Crowe made 5 appearances with the team to begin the 2023 season before he was placed on the 60-day injured list on April 29, 2023, with a right shoulder issue. On July 19, Crowe was activated from the injured list and subsequently designated for assignment. He cleared waivers and was sent outright to the Triple–A Indianapolis Indians on July 25. Crowe was released by the Pirates organization on November 16.

===Kia Tigers===
On January 6, 2024, Crowe signed a one-year, $800,000 contract with the Kia Tigers of the KBO League. In 8 starts for the Tigers, he compiled a 5–1 record and 3.57 ERA with 43 strikeouts across 40 1/3 innings pitched. On May 29, Crowe was declared inactive due to an elbow injury, and was temporarily replaced by Cam Alldred. On May 31, it was announced that he would undergo elbow surgery, likely ending his season. Crowe was waived by the Tigers on August 5.

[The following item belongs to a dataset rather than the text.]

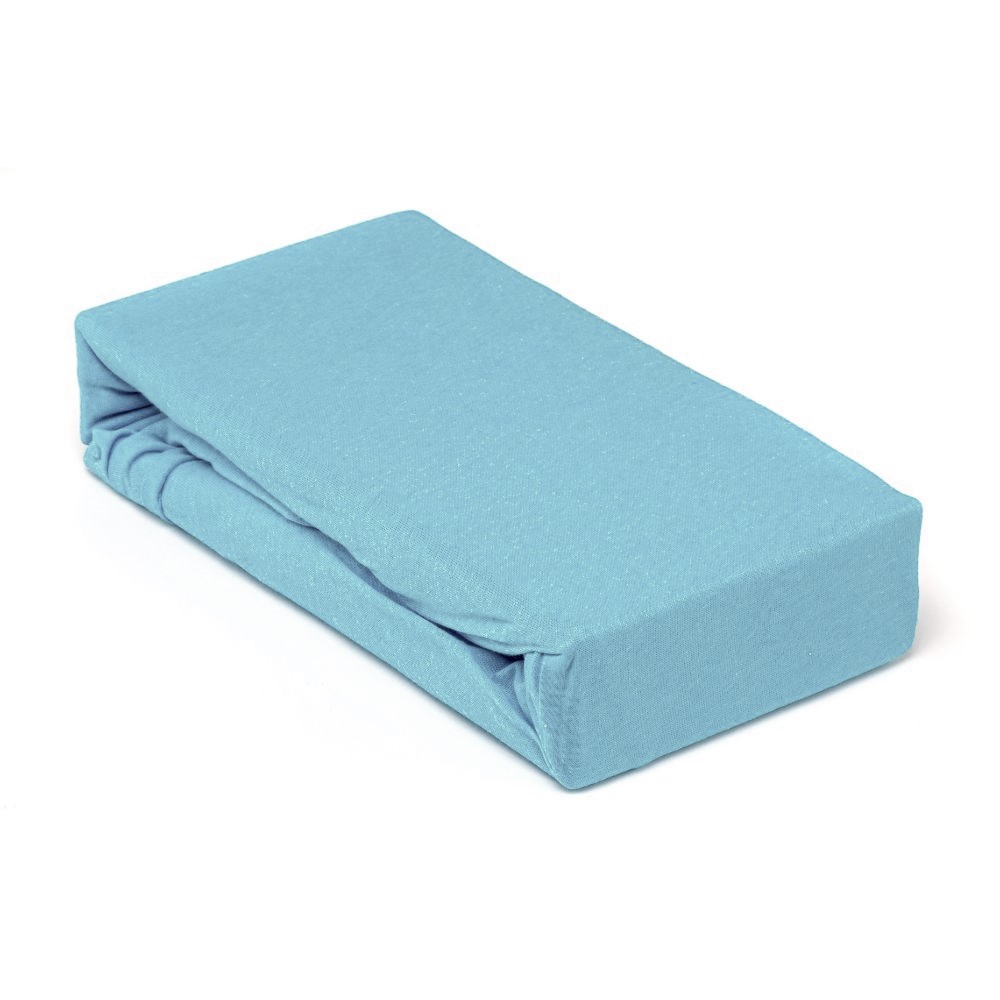 huse pat cu elastic 140/200 Husa saltea Jersey bleu, cu elastic, bumbac 100%, 140 x 200 cm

===Philadelphia Phillies===
On May 20, 2025, Crowe signed a minor league contract with the Philadelphia Phillies. He made 13 appearances (11 starts) for the Double-A Reading Fightin Phils and Triple-A Lehigh Valley IronPigs, compiling a cumulative 3-5 record and 7.74 ERA with 32 strikeouts over 43 innings of work. Crowe was released by the Phillies organization on August 22.

On September 18, 2025, Crowe announced his retirement from professional baseball.

==Pitching style==
Crowe throws both four-seam and two-seam fastballs, reaching 94 mph as of 2018. He complements his fastballs with a changeup, curveball, and slider. In his downtime, Crowe studies baseball analytics.

==Personal life==
Crowe and his wife, Hilary, married in December 2018. His great-great uncle is Red Ruffing, a Hall of Fame pitcher buried in Bedford Heights, Ohio.